Phase 2 is a customer-led design and assembly phase for the entrepreneur.
An experimental approach to value exchange.
Austrian economics sheds bright light on exchange – the transaction between seller and buyer. Exchange is governed by uncertainty – a business can’t know or predict with accuracy what the customer is going to do in the future, or how they will view the terms of exchange. Will the customer perceive sufficient value to even enter into exchange? It’s the ultimate market test. The customer is weighing the benefits they subjectively perceive against the costs, which include money but also any other difficulties or barriers they perceive to making the exchange. Is participating in your offering totally convenient (which is the general standard today) or is there anything in the experience that makes it less convenient and less compelling?
The best way to solve this challenge is to experiment with as many offer bundles as you can in order to observe market results. Does your service sell better online or direct-to-customer? Do customers prefer to subscribe or to buy by the unit? If they try, do they convert? Test as many bundles as you can.
Once you have established the right bundle and willingness to pay, calculate your cash flow and choose your costs in order to generate the margins and profits you require. This is the opposite of the margin math taught in business school, where firms calculate their costs and then add a margin. Austrians discover the price the customer is willing to pay, and then choose the costs compatible with that willingness to pay. The customer determines the price of the exchange, not the business.

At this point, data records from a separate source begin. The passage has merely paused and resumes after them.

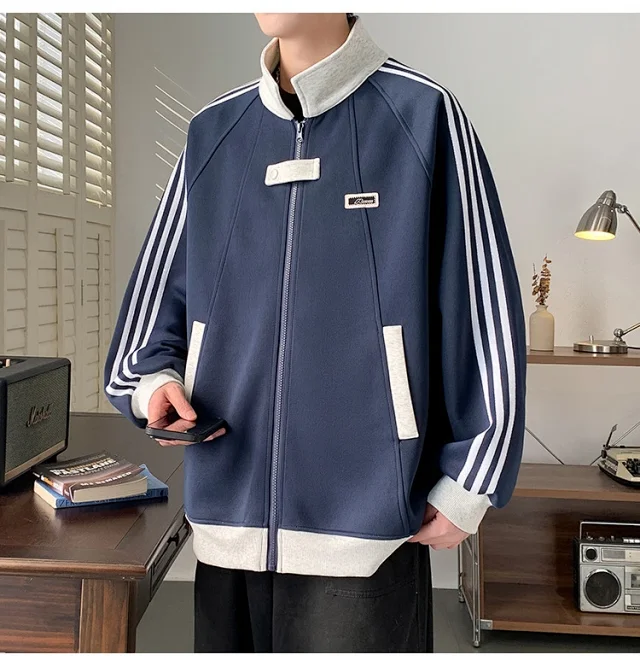 Men's Oversized Patchwork Cardigan Detail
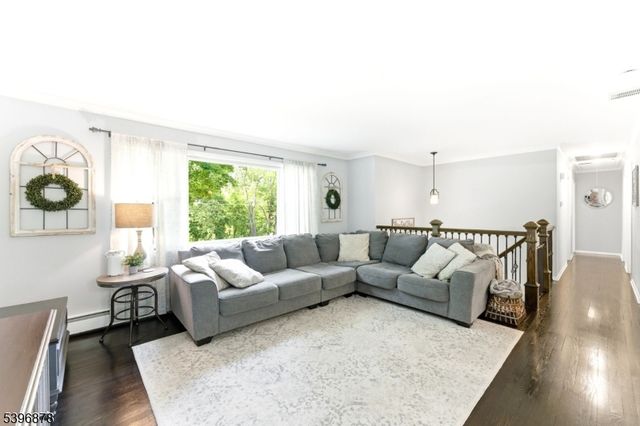 15 Glenn Terrace, Fredon Twp., NJ 07860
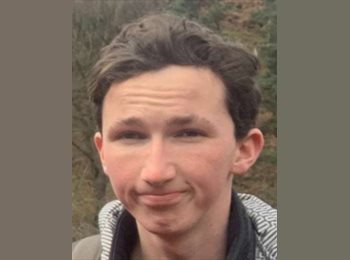 Roomgo UK - Conor - 24 - Edinburgh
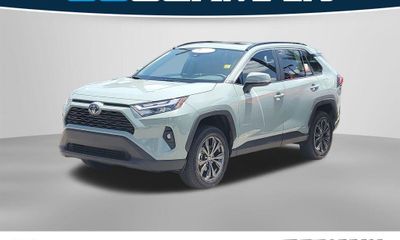 2023 Toyota RAV4 XLE Premium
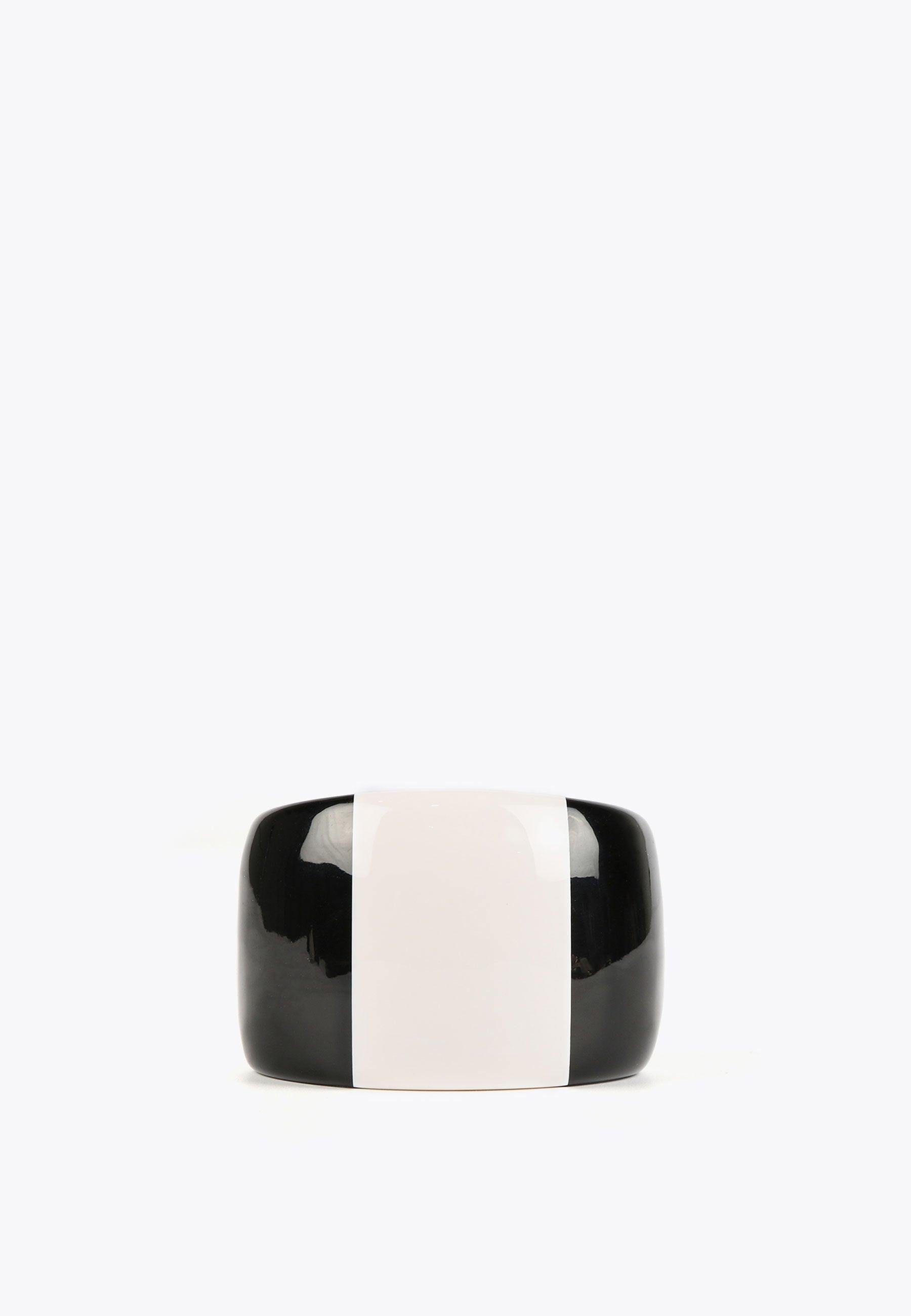 LS2403093-White-Black-Black and white rigid bracelet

Phase 3 is an experimenting and testing phase for the entrepreneur.
You’ve achieved some marketplace results. You’ve established that the customer perceives value in your offering and they’re willing to pay a price that generates positive cash flow and profit.
That same marketplace is incessantly changing. Your approach to the 4th stage of the Austrian business model is dynamic. You make sure that you have all the feedback loops required to receive marketplace data about the acceptance of your offering, and any changes in customer preferences and competitive behaviors. You manage 360 degree monitoring of the customer experience and you anticipate and expect that your experience design, however excellent, will erode over time. The customer will demand something even better, and competitors will aim to match or improve on your delivery. It’s important to keep your model of customer value preferences fresh, and to be planning and preparing new and improved value facilitations. You find ways to maintain flexibility in your capital structure to facilitate the required agility.
Agile businesses continually test and evaluate innovations, and introduce them to the marketplace. Value improvement and value innovation are your goals. The process never stops. The journey never comes to an end.
Your business model must yield sufficient cash flow for substantial amounts of new capital investment each year. Your organizational design must facilitate the addition of new capabilities and the discontinuation or de-emphasis of existing capabilities that no longer are perceived as unique or compelling by the changing customer. Agile businesses monitor their dynamic capability — how much is being added, how much is being changed or updated. Are you keeping up with the customer, the ecosystem in which you engage, and your competitors?
Phase 4 is a phase of continuous dynamic change for the entrepreneur.